Every line of the records below from the line with "Unique Wrapped 6-Prong" up to and including the line with "vidaXL Banc de" must be reproduced exactly, and no line outside that range.
** Opening DATASET ENTRIES block **
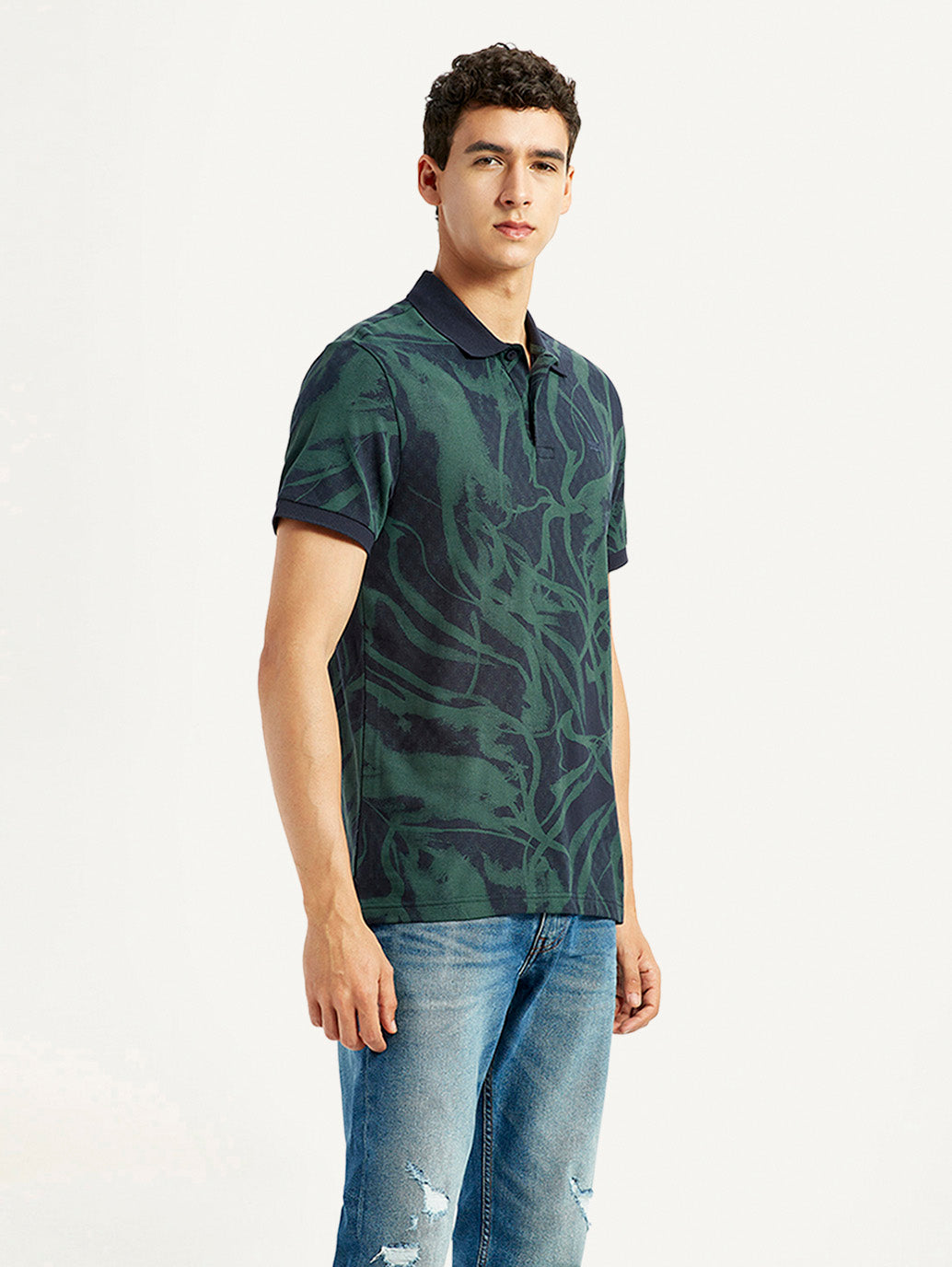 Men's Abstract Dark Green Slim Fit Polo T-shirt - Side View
** Closing DATASET ENTRIES block **
** Opening DATASET ENTRIES block **
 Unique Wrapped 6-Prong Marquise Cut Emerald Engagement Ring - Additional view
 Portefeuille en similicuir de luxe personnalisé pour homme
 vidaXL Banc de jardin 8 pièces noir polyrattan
** Closing DATASET ENTRIES block **
** Opening DATASET ENTRIES block **
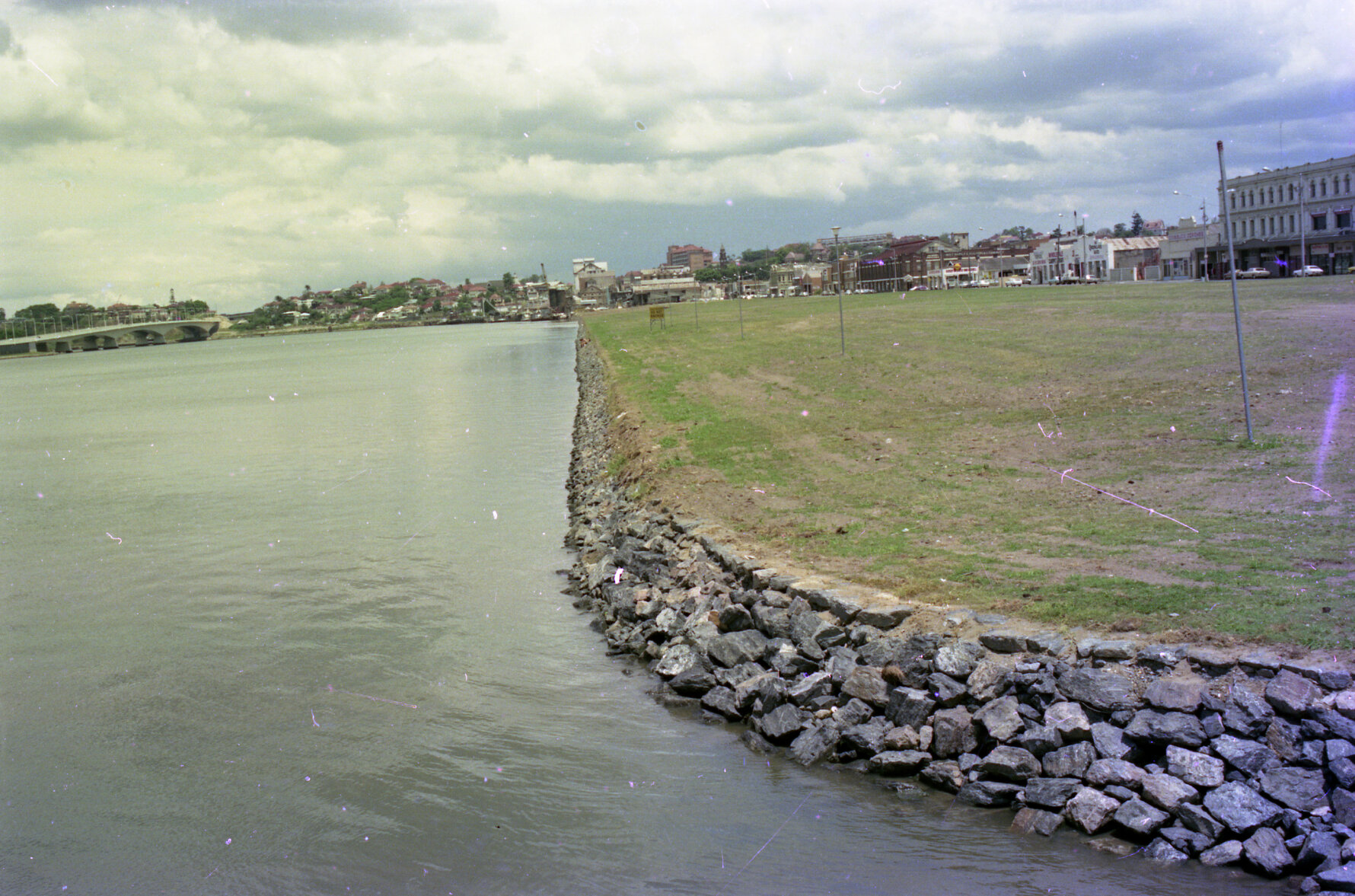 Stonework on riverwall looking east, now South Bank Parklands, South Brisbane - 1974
** Closing DATASET ENTRIES block **
ANSWER TO THIS EXERCISE:
 Unique Wrapped 6-Prong Marquise Cut Emerald Engagement Ring - Additional view
 Portefeuille en similicuir de luxe personnalisé pour homme
 vidaXL Banc de jardin 8 pièces noir polyrattan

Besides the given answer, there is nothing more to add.